NXT女子覇者へ ロクサーヌ・ペレスにTNA王者ジョーダン・グレイス戦

■ WWE NXT
日時:5月28日(現地放送時間 日本WWEネットワーク木曜以降)
会場:米フロリダ州オーランド Capital Wrestling Center

 記者は先週、ViceTV制作の『Dark Side of The Ring:PRIDEの崩壊』ドキュメンタリー収録に呼ばれて第二のホームであるニューヨークに出張していた。その報告は次号に譲るが、マンハッタンの中心、タイムズスクエアの49丁目とBroadwayにあるビルの看板(Billboard)には、そのViceTV制作の『Dark Side of The Ring:WCWの崩壊』放送に合わせてハルク・ホーガンやジョン・シナの巨大な絵が出てきていた。「なるほど、これがViceTVか」という自身の納得と理解もあったのだが、やはりプロレスがいかに市民権を得ていて、日本とは余りにも社会における認知度に巨大な差があるかを思い知らされる。大物エンタテイナーの公演告知の看板などと並んで、普通にプロレスが街の中心地の目につく場所に出てくるという話である。

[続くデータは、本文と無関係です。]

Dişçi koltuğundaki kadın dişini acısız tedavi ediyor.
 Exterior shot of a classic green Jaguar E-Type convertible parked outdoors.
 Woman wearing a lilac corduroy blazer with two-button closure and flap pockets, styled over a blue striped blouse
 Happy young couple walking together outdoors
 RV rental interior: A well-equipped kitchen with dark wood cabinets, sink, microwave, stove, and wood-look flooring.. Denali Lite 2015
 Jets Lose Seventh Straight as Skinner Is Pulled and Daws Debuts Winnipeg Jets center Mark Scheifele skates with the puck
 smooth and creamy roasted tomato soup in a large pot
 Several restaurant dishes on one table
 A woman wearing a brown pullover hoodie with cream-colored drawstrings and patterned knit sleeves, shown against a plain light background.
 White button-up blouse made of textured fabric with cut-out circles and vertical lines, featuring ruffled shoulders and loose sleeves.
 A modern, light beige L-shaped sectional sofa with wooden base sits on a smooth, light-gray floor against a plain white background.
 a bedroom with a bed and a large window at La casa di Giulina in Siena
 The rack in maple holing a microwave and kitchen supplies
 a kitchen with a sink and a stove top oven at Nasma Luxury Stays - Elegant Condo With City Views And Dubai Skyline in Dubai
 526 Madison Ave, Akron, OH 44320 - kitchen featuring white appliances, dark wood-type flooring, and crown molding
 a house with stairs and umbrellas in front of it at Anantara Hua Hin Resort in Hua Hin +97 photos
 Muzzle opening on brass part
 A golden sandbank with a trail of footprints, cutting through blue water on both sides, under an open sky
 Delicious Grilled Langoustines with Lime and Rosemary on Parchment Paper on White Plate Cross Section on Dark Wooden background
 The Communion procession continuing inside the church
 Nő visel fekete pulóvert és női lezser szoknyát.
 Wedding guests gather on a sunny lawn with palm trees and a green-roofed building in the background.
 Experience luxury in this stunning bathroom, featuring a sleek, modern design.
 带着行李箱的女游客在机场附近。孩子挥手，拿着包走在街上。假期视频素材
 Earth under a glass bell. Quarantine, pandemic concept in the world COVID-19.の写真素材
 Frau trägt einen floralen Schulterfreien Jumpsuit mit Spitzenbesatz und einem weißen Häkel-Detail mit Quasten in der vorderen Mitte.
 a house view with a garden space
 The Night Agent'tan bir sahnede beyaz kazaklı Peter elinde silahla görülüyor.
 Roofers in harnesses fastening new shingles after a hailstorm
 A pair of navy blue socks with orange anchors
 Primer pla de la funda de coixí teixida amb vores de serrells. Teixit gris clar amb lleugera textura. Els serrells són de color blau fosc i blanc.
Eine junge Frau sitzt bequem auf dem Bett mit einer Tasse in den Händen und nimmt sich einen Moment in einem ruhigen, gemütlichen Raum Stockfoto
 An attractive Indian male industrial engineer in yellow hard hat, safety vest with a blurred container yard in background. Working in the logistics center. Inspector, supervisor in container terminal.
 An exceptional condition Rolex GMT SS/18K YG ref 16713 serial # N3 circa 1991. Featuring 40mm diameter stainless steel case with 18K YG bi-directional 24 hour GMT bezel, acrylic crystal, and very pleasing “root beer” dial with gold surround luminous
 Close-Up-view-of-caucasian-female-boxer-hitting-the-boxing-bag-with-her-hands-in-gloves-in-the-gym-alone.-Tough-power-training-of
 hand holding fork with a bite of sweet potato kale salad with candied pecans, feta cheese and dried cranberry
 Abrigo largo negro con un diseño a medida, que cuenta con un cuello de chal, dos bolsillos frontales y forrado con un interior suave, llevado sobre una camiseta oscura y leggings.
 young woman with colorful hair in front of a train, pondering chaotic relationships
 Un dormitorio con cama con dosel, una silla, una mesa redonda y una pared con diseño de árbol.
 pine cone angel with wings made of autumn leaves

 その前提を踏まえた上で、現地火曜夜USAネットワークでやってる2時間番組NXTを、宿泊しているホテルで、あの4分間も続きクォーターごとに挿入される長いCM付きでフルに堪能できた。ニュースのCNNや、AEWやっているTBS-TNTなど、ケーブルのBasicチャンネルに入ってるので普通のホテルならどこでも見られる。あるいは末端の一般家庭も同じで、日本のように結構な数の割合が、「地上波しか見れない」状況とは大きく違う。そしてこれが、日本表記ゴールデンことPrime Timeに、毎日、毎晩どこかのチャンネルでプロレスが2時間堪能できるのだ。新日ワールドの深夜30分番組が、ひっそりとテレ朝に残ってはいるお寒い環境と、いかに根本的かつ決定的に違うことか。

 さて、この放送回に絞るならラッパーのセクシー・レッドと、ドゥエイン・ジョンソンの娘エヴァGMが新たに追加されたNXT北米女子王座ベルトのお披露目から。早速ミーチンが、テイタム・パクスリーを下すマッチメイクのトーナメント戦だった。
 ミーチンことミア・イムは、すでにメインルースターなんだが、今回からWWEは、より「女子プロレスの世界最高峰がnXt」というのを強調するようになっており、ベルト新設はその戦略の一貫である。まぁ確かにAEWの女子部門は弱いと言われて久しく、怪我がようやく癒えてまともに試合をした元サーシャ・バンクスのメルセデス・モネが、ハズレ皆無の鉄板予想でウィロー・ナイチンゲールからTBS女子王座をラスベガス開催5・26『Double or Nothing』にて奪取があろうが、NXTのほうが断然陣容の層の厚さが違うというアピールになろう。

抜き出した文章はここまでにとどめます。